:: Supplied material ::

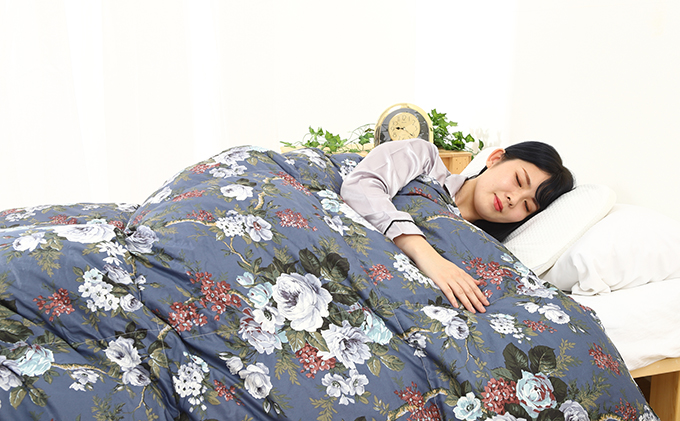 【羽毛布団専門店】羽毛掛け布団シングル日本製ダウン93％1.2kg立体キルト羽毛布団　花柄ネイビー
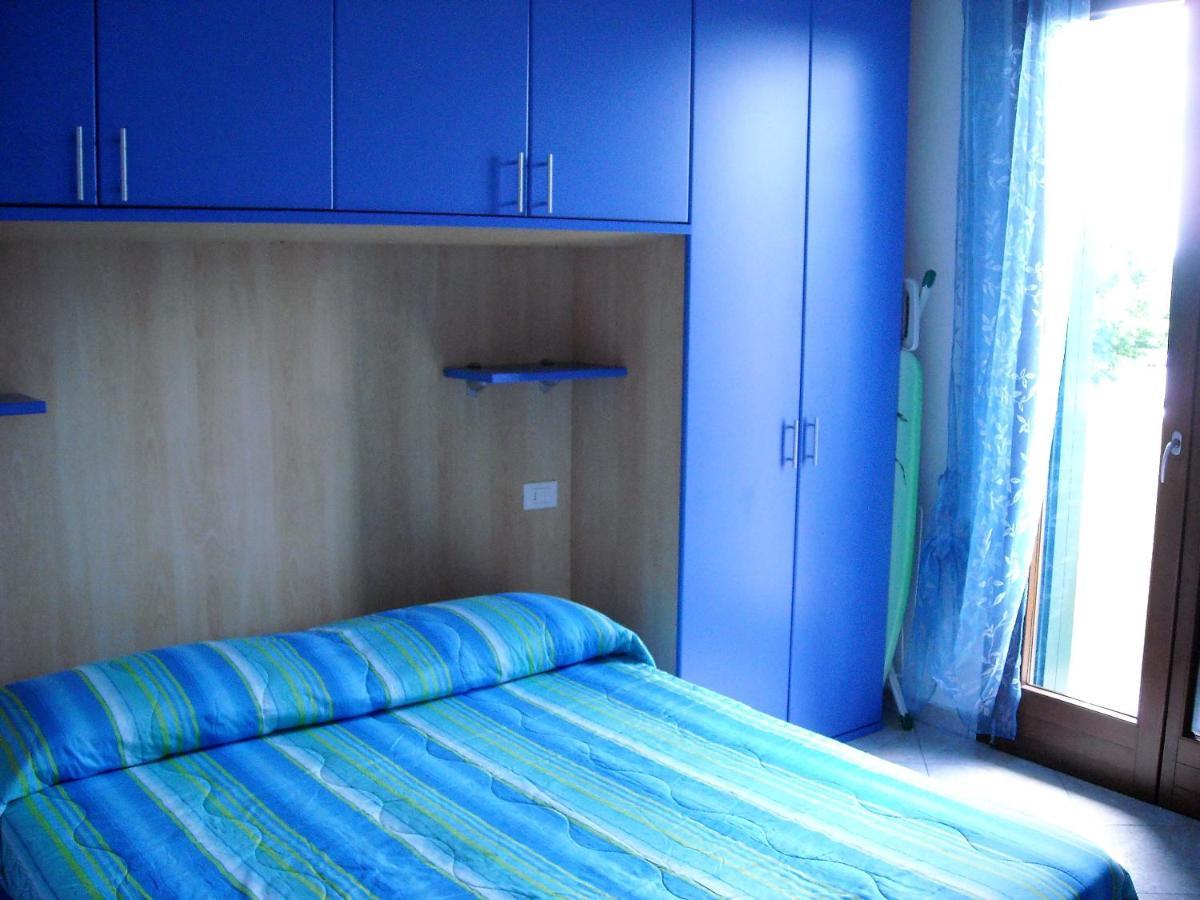 Hotel Apartments Villaggio Dei Fiori 4 Stars Luxury - Great Family Resort - Pet Friendly - With Hypermarket - Delivery Restaurant-Pizzeria - Room Breakfast With Supplement - Ultra Fast Wi-Fi - Play Area For Children - Olympic Swimming Pool - Parking Caorle Zewnętrze zdjęcie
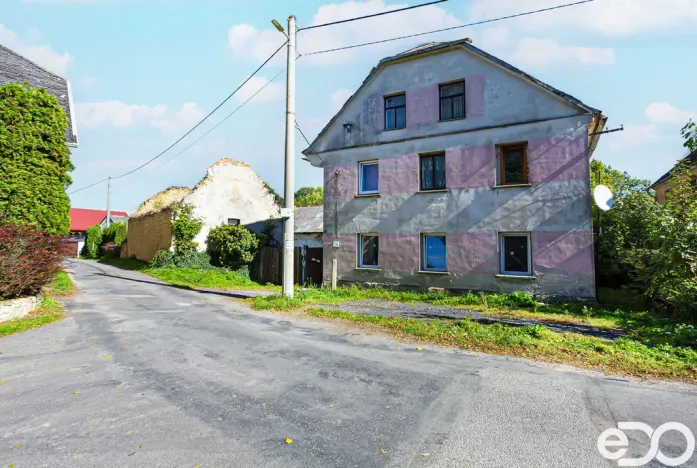 Prodej vícegeneračního domu, Strakov, 374 m2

:::

Task item → What is needed is an exact copy of the data, with the pictures removed.

Response to this task →
 【羽毛布団専門店】羽毛掛け布団シングル日本製ダウン93％1.2kg立体キルト羽毛布団　花柄ネイビー
 Hotel Apartments Villaggio Dei Fiori 4 Stars Luxury - Great Family Resort - Pet Friendly - With Hypermarket - Delivery Restaurant-Pizzeria - Room Breakfast With Supplement - Ultra Fast Wi-Fi - Play Area For Children - Olympic Swimming Pool - Parking Caorle Zewnętrze zdjęcie
 Prodej vícegeneračního domu, Strakov, 374 m2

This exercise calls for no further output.